Ask John Rhodes and he’ll tell you the Beach Ball Classic is the best high school basketball tournament this nation has to offer.
Guess it is no secret a host of the coaches participating in this year’s event tend to agree.
“I can’t tell you how first class this event is,” said Clark (Nev.) basketball coach Chad Beeten. “I knew about (Beach Ball Classic) as a kid growing up in the Philadelphia area, and it is something you aspire to one day play in.
“We finally had a good enough team to get invited, so we’re happy to be here.”
Anticipation for this year’s tournament was at a fever pitch nearly a year ahead of its opening tip. Blessed to have the top two prospects in the Class of 2018 – Montverde Academy’s (Fla.) R.J. Barrett and Zion Williamson of Spartanburg Day – and a host of other college-bound players, Rhodes said his phone has been ringing off the hook for the past few months.
“I received in upward of 50 calls per day weeks ahead of the tournament requesting tickets. Even with the tournament going on, I’ve had 15 to 20 per day,” he said.
A lack of star power and the untimely arrival of the flu bug has hindered attendance the past few years, causing some to wonder if this is a “make or break” year for the Beach Ball Classic.
Not so fast claims Rhodes, citing daily attendance numbers for this year’s event last seen when NBA journeyman and former Latta standout Raymond Felton made himself a star.
“The first day we brought in about 2,500 people, then the second day we had 3,700 come through,” he said. “We followed that with another solid showing on Thursday, where paid admission was around 2,500 as well.”
Rhodes expects similar attendance figures for the final two nights of competition, headlined by top-ranked Montverde Academy and two more squads ranked among USA Today’s top 50 in DeMatha (Md.) and Long Island Lutheran (N.Y.).
Currently, the Beach Ball Classic receives approximately $50,000 in accommodations tax funds. According to Rhodes, the large share of that was used to rent “end zone” seating behind the basket on each end of the floor.
“A lot of that was done to create an arena-like effect,” he said.
The Beach Ball Classic also recently split the $45,000 cost of a new basketball court with the City of Myrtle Beach. In addition, the event provides $1,000 worth in scholarships to each high school in Horry County.
Rhodes is quick to mention, however, none of this would take place without the help of those in the community who provide time and resources.
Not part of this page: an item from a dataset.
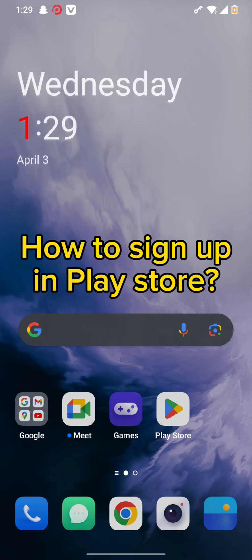Hello and welcome back to our channel. Today in this video we will be discussing how to sign up in Play Store. Without wasting much of our time, let's get straight into the video.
“This tournament belongs to the residents, business community, basketball fans and the City of Myrtle Beach,” he said. “That’s why this event is successful, and we’re doing all we can to continue ensuring that it is a great tournament – on and off the court.”
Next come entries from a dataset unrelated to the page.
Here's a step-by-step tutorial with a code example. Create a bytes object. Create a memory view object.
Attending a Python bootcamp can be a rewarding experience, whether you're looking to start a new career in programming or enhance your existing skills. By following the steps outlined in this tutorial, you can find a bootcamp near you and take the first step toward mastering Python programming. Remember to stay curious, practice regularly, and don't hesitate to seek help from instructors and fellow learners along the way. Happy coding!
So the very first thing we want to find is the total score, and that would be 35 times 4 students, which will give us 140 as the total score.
With the help of team ambassadors, players are given a personal tour of the town and all it has to offer. The ambassadors also serve another purpose, according to Rhodes.
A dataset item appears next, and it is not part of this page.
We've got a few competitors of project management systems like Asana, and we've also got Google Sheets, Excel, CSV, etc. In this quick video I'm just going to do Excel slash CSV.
“Their presence allows coaches to simply have to worry about basketball, that’s it,” he said. “We want to make sure they enjoy their stay to the fullest and not worry about getting from point A to point B or what jersey they have to wear for that particular day.
“It is these things that make us the best tournament in the country, in my opinion. No one else does that for teams coming in.”
Even with this year’s tournament going on, Rhodes already is working on plans for the 2018 edition of the Beach Ball Classic.
Scott County (Ky.) has already committed to return to Myrtle Beach for a third consecutive year, while Cox Mill (N.C.) will make the trip to the Grand Strand following Christmas as well.
Also tabbed for the 2018 Beach Ball Classic are tournament regulars Myrtle Beach and Socastee, as well as Christ the King (N.Y.) and Bishop O’Connell (Va.), and Dominican (Wisc.).
“It’s an honor to be one of those schools selected to take part in this prestigious event,” said Cox Mill (N.C.) coach Jody Barbee. “You really want to come test yourself against the best teams in the country, and this tournament tends to offer that year in and year out.”
Rhodes, the former Myrtle Beach mayor, hopes to land schools from Alabama, California, Georgia and Texas as well.
Though still somewhat in the planning stages, Rhodes said he hopes to give teams a minimum of four games to play during the week. Currently, teams are assured of at least three games, with a win offering them a fourth contest.
“We want teams to be able to leave here and win state championships,” he said. “Win or lose, our hope is that teams got better. If so, the Beach Ball Classic has done its job.”